- [Task instructions]
Repeat, line for line, only the span that opens at the "Pedro's T-Shirt CAT" line and closes at the final line below. Skip the pictures.

- [Data provided]
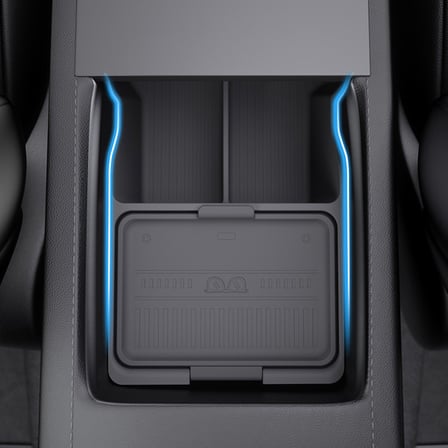 TESLA MODEL Y JUNİPER İÇİN UYUMLU KOL DAYAMA ALT SAKLAMA KUTUSU SİYAH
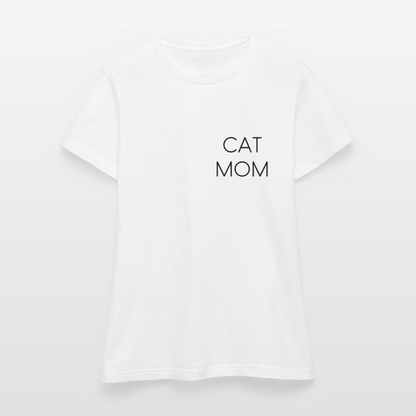 Pedro's T-Shirt CAT MOM Stolzes Personal einer Katze Black Edition - Weiß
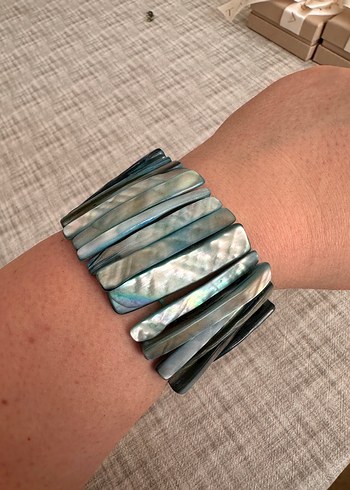 Accessorize Turkuaz Boncuklu Bayan Bohem Bileklik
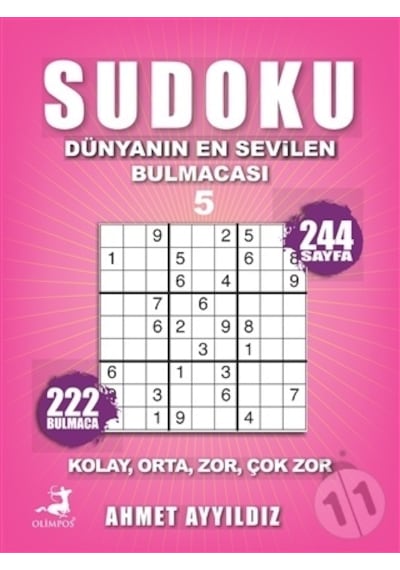 Sudoku 5 - Ahmet Ayyıldız - Olimpos Yayınları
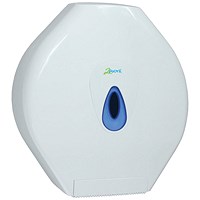 2Work Standard Jumbo Toilet Roll Dispenser White CT34025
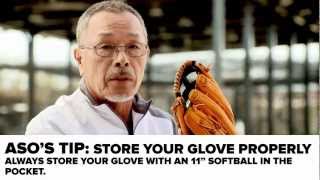 Breaking in an Outfield Baseball Glove [upl. by Amlus]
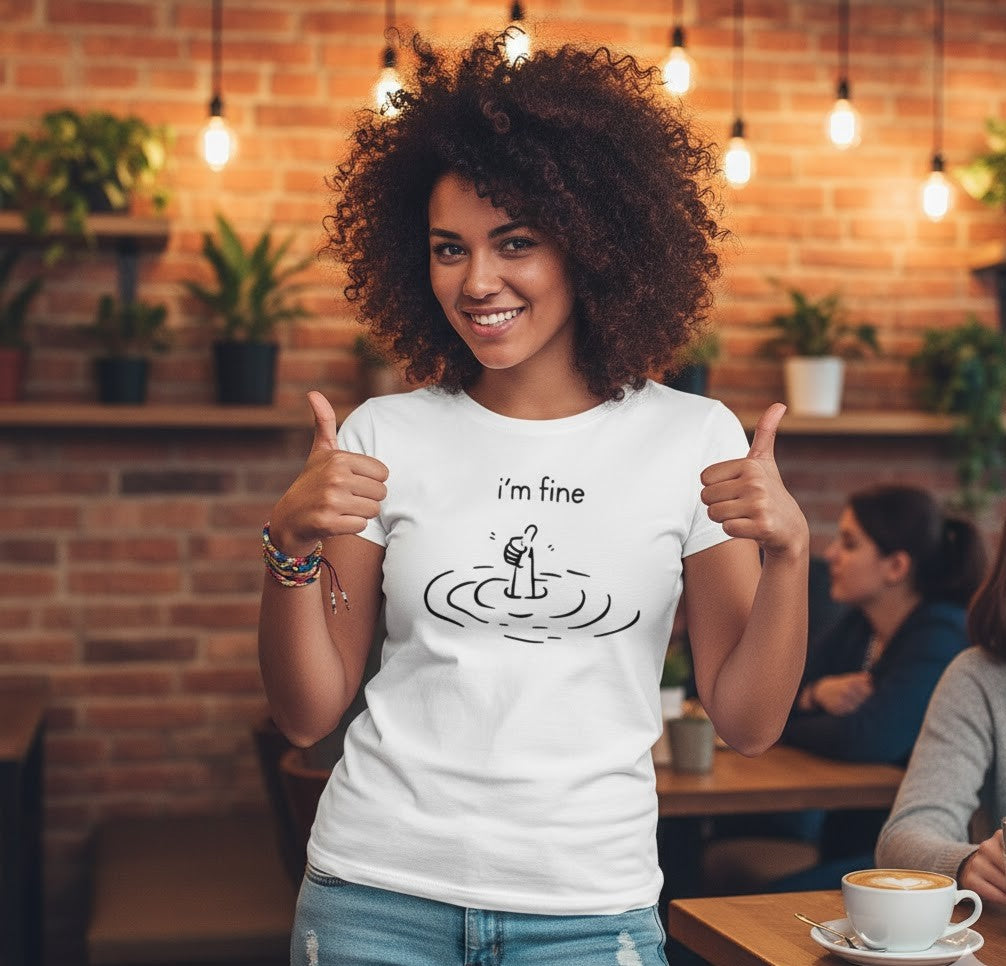 Abbigliamento T-Shirt in poliestere (Cotton Touch) "I'm Fine"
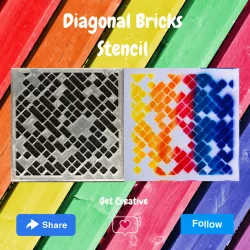 Diagonal Brick Pattern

- [Written answer]
 Pedro's T-Shirt CAT MOM Stolzes Personal einer Katze Black Edition - Weiß
 Accessorize Turkuaz Boncuklu Bayan Bohem Bileklik
 Sudoku 5 - Ahmet Ayyıldız - Olimpos Yayınları
 2Work Standard Jumbo Toilet Roll Dispenser White CT34025
 Breaking in an Outfield Baseball Glove [upl. by Amlus]
 Abbigliamento T-Shirt in poliestere (Cotton Touch) "I'm Fine"
 Diagonal Brick Pattern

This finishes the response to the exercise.